**DESCRIPTION OF THE TASK:**
All of the data below should be set down again verbatim, without any images.

**RAW DATA:**
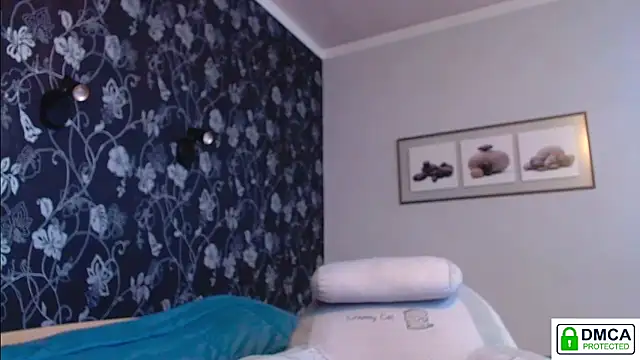 Snapshot of Sophi_Cute chatting on May 2, 2026, 12:21 pm Sophi Cute online show from May 2, 2026, 12:21 pm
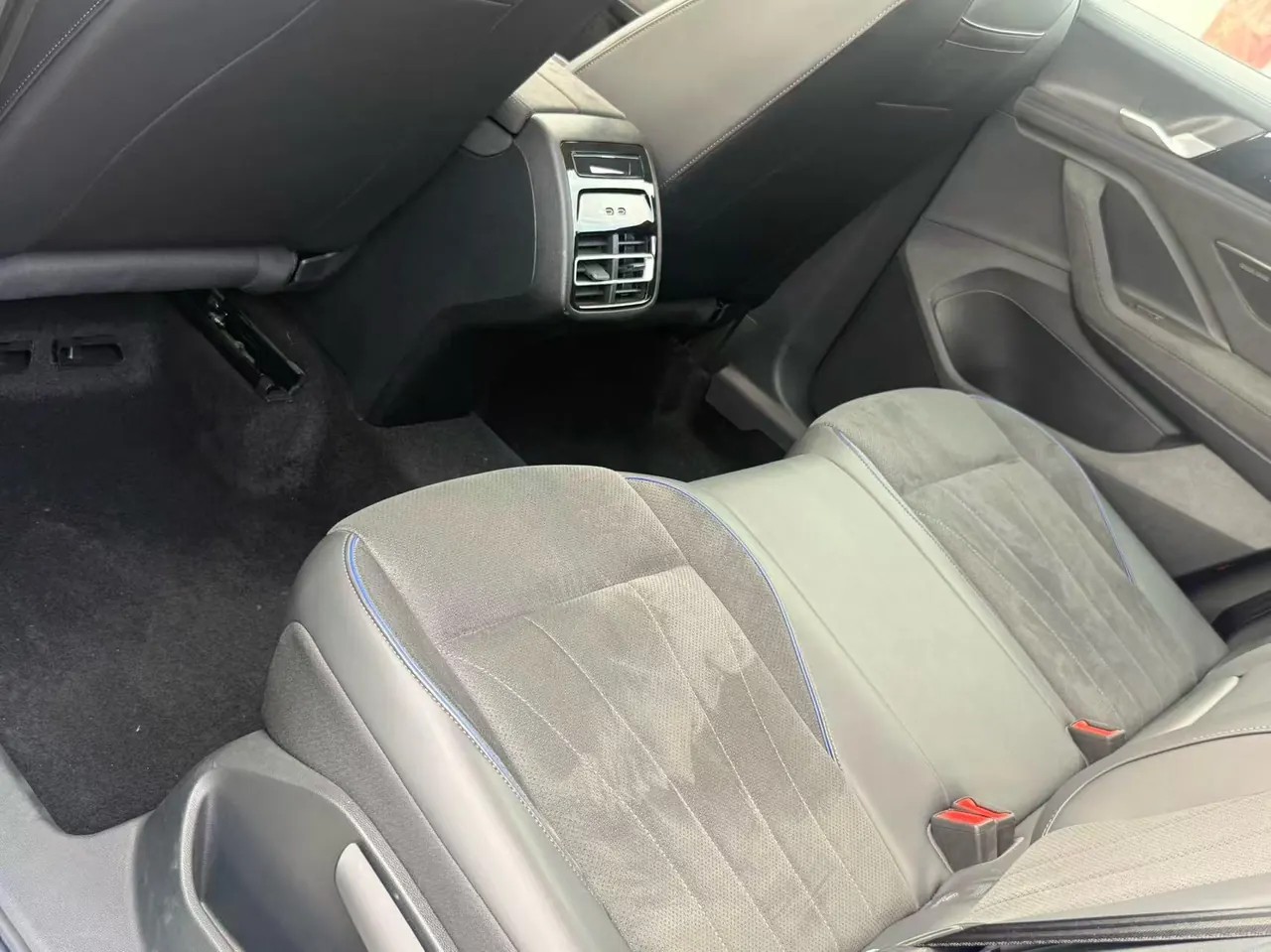 Volkswagen 2024 Tiguan L PRO 2.0TSI 330TSI Two-Drive R-Line Smart Edition Automatic Gear 4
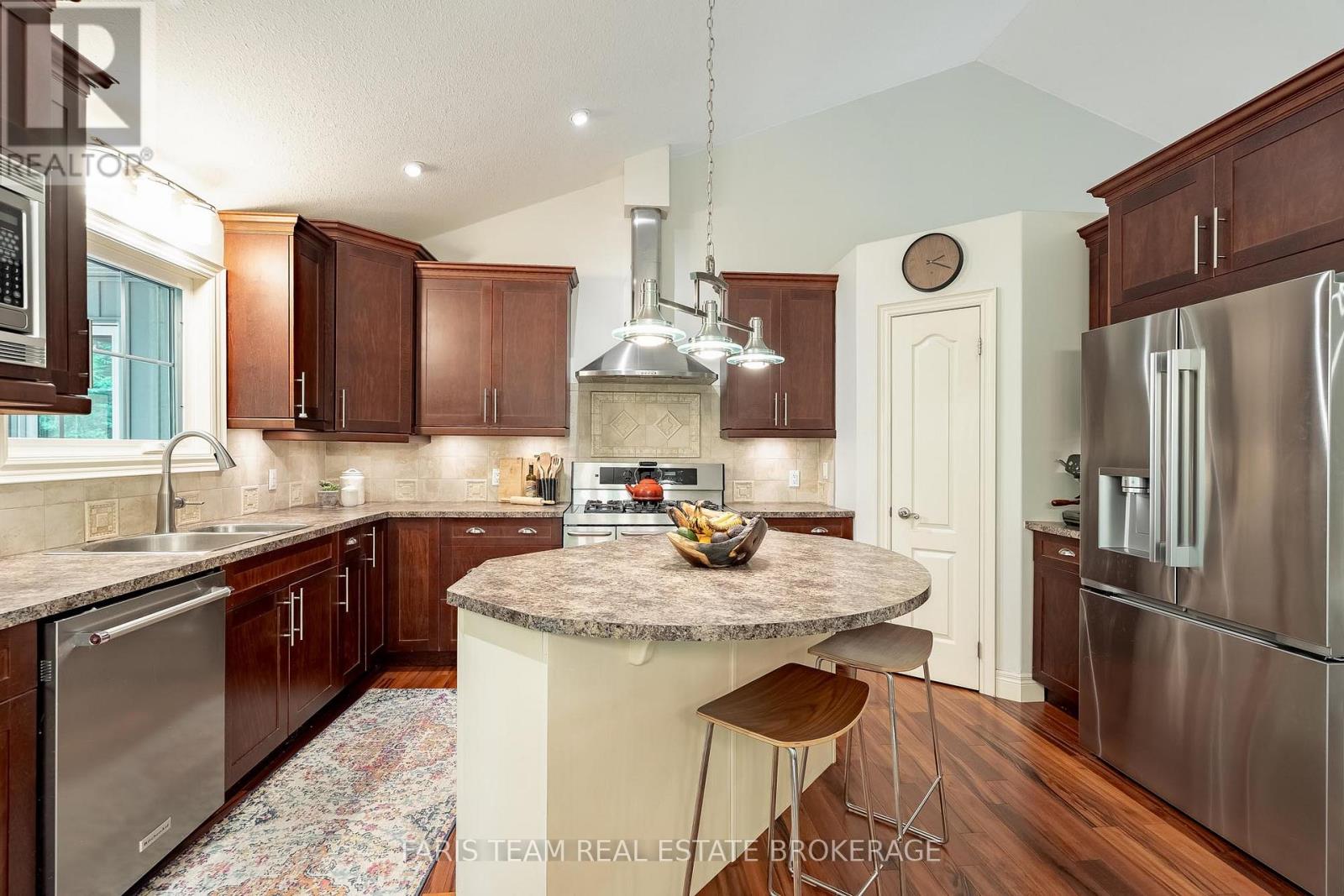 11 Snowshoe Trail, Oro-Medonte (Moonstone), Ontario  L0K 1N0 - Photo 6 - S13677398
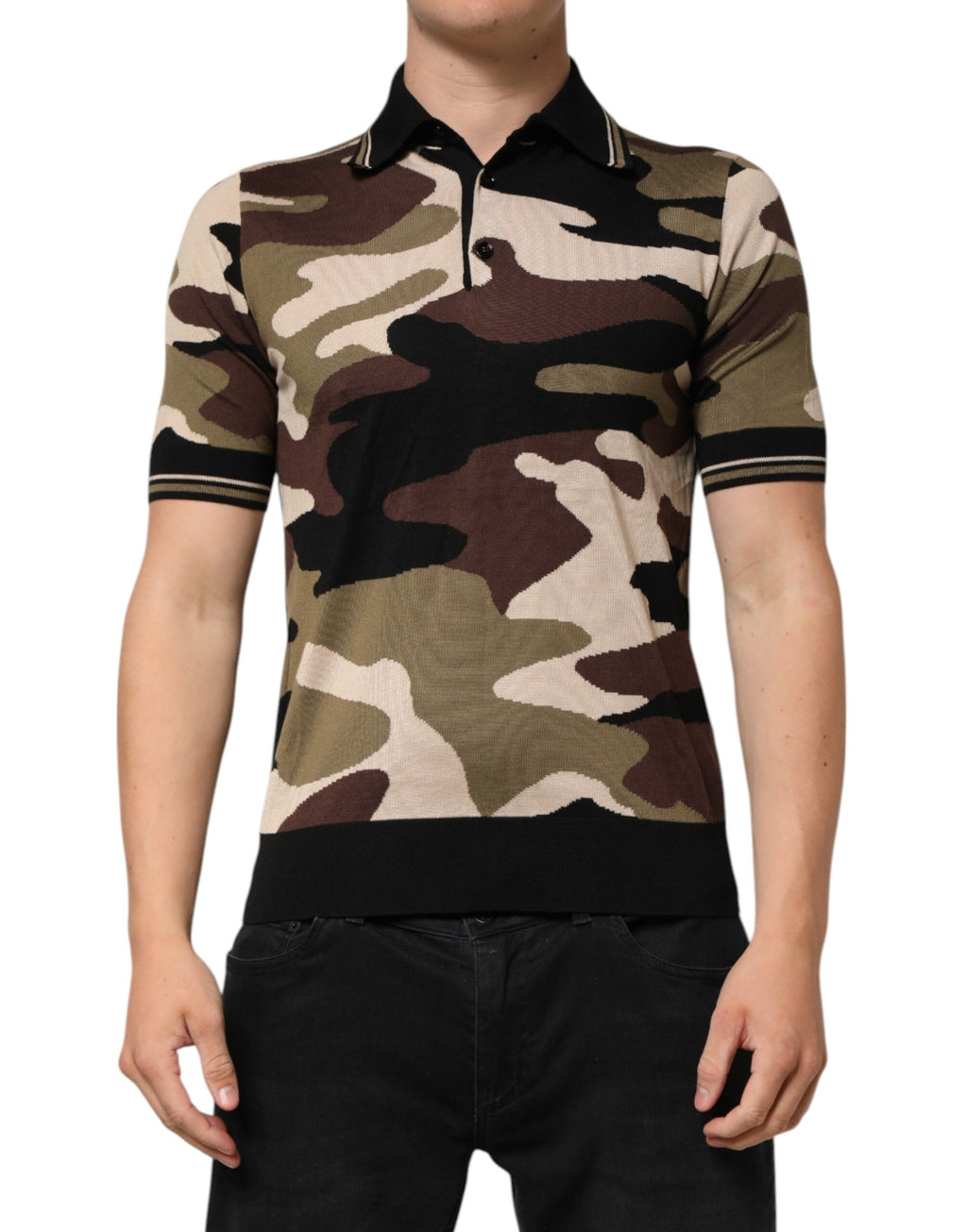 T-shirt polo militaire en soie camouflage marron Dolce & Gabbana, détail de style moderne et élégant.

**ANSWER SPACE:**
 Snapshot of Sophi_Cute chatting on May 2, 2026, 12:21 pm Sophi Cute online show from May 2, 2026, 12:21 pm
 Volkswagen 2024 Tiguan L PRO 2.0TSI 330TSI Two-Drive R-Line Smart Edition Automatic Gear 4
 11 Snowshoe Trail, Oro-Medonte (Moonstone), Ontario  L0K 1N0 - Photo 6 - S13677398
 T-shirt polo militaire en soie camouflage marron Dolce & Gabbana, détail de style moderne et élégant.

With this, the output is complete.